Despite widespread media misrepresentation the ruling Partido Popular (PP) was not the winner. It lost more than one-third of its votes from the 2011 elections and its overall majority. Instead the big winner was the anti-austerity party Podemos which did not exist two years ago and yet won over 20 per cent of the vote.
The votes were as follows, in per cent (change from 2011 in brackets): PP 28.7 (-16.3). PSOE, Socialists, 22.0 (-6.8). Podemos 20.7 (n/a), Ciudadanos, Citizens Party 13.9 (n/a). Izquierda Unida, radical socialists and communists, 3.7 (-3.2). ERC, Catalan Republican Left 2.4 (+1.3). Democracy & Freedom, far right, 2.3 (n/a). PNV, timid Basque nationalists 1.2 (-0.1). Bildu, radical Basque nationalists 0.9 (-0.5).
The poll represents a set-back for the right, which had hoped to be able to form a PP-Ciudadanos coalition. Ciudadanos are routinely described as ‘centrist’ which is incorrect. They were formed as austerity and corruption scandals saw PP’s poll rating fall and their anti-corruption rhetoric is entirely false given their aim was always to shore up a right-wing PP government. But a bare majority of the lower chamber of the Cortes requires 176 seats and PP-Ciudadanos combined achieved only 163 seats.
It is far from clear what the composition of the new government will be. The second-placed PSOE did very badly against the unpopular PP. It is a party which embraced Blair’s ‘Third Way’ and is compromised by its own commitment to austerity. It would have to change its spots to form an anti-austerity coalition with Podemos, the ERC and others, and even this could only be a minority government. There has also been talk of a PP-PSOE ‘grand coalition’, but it would be political suicide for PSOE to prop up PP, which can trace its lineage back to Franco’s fascists.

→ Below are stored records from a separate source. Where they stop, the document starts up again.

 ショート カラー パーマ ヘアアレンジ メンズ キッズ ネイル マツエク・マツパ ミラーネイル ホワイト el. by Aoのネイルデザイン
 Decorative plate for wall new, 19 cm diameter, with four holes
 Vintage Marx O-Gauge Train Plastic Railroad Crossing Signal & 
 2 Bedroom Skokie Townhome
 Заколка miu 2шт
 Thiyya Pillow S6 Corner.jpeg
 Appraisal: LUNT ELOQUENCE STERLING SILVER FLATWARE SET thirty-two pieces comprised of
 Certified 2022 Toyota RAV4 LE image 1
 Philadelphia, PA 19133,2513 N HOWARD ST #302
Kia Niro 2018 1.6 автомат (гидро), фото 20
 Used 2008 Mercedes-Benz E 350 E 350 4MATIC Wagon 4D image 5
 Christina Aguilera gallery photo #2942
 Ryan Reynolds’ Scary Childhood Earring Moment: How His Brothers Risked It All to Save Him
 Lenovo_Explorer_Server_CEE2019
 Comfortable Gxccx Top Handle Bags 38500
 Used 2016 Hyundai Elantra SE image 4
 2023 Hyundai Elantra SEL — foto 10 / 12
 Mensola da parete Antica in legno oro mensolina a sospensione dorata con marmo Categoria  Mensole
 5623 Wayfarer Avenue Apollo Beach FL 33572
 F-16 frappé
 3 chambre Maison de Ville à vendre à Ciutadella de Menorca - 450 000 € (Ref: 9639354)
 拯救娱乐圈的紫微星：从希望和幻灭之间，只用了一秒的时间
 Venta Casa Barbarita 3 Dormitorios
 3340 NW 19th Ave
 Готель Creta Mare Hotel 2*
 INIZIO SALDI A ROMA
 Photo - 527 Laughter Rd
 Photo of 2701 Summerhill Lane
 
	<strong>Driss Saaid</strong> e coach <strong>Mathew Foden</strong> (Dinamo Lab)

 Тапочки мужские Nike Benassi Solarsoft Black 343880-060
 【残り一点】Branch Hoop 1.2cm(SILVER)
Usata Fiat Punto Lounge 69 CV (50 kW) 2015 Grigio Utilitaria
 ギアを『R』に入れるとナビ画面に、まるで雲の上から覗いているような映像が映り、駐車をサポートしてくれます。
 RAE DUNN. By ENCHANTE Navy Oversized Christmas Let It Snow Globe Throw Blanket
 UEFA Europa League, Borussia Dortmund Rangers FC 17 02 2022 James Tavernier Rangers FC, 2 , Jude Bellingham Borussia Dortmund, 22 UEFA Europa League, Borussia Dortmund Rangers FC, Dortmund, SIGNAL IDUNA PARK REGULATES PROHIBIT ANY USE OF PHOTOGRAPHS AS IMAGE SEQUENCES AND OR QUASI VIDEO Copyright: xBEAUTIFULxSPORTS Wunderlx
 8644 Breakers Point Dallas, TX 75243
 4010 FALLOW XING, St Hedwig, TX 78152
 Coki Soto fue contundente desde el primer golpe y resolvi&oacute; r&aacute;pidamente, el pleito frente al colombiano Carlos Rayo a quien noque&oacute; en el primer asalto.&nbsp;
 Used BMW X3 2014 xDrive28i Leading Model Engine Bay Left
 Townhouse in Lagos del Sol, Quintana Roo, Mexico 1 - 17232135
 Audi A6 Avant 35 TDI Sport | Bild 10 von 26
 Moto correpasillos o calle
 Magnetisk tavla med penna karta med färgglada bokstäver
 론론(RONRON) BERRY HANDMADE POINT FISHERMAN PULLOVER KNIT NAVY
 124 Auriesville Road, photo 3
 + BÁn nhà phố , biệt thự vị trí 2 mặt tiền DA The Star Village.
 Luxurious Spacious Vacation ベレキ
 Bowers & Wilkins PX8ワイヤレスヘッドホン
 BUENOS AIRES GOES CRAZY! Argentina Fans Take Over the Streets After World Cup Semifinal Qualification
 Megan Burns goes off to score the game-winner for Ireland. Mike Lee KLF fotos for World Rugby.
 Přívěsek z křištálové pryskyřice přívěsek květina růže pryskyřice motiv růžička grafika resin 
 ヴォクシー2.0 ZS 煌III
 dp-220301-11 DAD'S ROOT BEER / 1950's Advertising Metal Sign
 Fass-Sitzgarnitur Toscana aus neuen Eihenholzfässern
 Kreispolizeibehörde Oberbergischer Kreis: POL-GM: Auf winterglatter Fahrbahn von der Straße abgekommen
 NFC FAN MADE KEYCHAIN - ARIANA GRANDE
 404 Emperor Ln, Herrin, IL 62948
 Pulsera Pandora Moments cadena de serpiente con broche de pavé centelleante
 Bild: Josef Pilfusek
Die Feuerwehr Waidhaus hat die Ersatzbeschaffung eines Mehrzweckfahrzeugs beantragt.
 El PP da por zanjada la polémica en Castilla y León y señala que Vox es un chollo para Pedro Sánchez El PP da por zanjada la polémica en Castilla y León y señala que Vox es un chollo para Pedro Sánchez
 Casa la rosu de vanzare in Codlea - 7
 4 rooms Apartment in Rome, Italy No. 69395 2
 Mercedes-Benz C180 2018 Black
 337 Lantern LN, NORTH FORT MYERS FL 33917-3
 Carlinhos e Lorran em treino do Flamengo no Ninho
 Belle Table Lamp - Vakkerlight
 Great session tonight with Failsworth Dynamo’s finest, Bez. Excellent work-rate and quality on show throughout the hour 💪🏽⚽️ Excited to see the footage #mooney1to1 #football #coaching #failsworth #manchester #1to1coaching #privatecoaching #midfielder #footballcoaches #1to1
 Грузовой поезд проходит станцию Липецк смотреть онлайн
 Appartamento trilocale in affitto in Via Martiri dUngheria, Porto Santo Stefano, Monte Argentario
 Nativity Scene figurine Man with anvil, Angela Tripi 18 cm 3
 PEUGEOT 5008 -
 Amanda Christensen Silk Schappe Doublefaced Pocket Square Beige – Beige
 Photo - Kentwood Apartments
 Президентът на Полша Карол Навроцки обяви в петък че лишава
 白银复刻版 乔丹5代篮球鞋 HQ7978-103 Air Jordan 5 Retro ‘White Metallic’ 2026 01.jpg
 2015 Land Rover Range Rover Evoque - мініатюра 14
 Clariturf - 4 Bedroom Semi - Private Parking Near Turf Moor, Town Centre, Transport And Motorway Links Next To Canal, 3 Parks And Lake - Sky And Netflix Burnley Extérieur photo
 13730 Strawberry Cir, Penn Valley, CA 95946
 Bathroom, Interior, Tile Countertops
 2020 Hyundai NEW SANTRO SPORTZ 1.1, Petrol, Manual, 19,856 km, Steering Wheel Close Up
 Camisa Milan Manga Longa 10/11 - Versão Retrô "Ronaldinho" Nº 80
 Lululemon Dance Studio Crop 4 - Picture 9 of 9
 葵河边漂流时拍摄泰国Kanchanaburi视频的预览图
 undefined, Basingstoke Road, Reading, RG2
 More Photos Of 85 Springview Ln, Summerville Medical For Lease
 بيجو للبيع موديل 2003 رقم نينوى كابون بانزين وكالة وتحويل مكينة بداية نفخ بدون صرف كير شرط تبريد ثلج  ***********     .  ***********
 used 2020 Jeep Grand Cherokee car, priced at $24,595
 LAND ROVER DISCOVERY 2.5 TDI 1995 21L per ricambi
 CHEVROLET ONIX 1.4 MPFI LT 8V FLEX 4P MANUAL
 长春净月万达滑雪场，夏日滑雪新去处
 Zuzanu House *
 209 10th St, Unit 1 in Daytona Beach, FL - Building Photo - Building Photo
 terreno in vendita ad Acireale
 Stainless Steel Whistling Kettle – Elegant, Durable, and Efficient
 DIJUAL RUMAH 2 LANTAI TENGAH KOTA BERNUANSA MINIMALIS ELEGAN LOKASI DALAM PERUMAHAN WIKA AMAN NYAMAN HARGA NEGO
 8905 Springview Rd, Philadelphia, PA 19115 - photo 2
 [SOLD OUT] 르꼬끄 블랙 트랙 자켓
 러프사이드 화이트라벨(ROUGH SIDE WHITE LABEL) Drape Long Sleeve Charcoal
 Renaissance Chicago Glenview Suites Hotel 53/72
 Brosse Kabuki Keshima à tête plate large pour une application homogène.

Entirely new parties won a remarkable 37 per cent of the vote. But the bulk of this went to Podemos, making it the main new force in Spanish politics. Growing out of the ‘Indignados’ movement of mainly young people who occupied city squares in 2011, Podemos is a specifically Spanish combination of left and anarchist politics. It clearly took votes from PSOE and from forces of the left, but also brought many new layers into politics.
Podemos should fight for office on a clear anti-austerity basis, demonstrating its willingness to act. But as this is unlikely to be successful, it needs to build a systematic and credible policy alternative to austerity. It should vote down any Government containing PP and try to pressure any other Government in an anti-austerity direction. After Syriza was derailed in Greece, the right across Europe trumpeted that the anti-austerity parties were fantasists who had been routed. In recent weeks the Portuguese and now the Spanish voters have shown that to be completely untrue.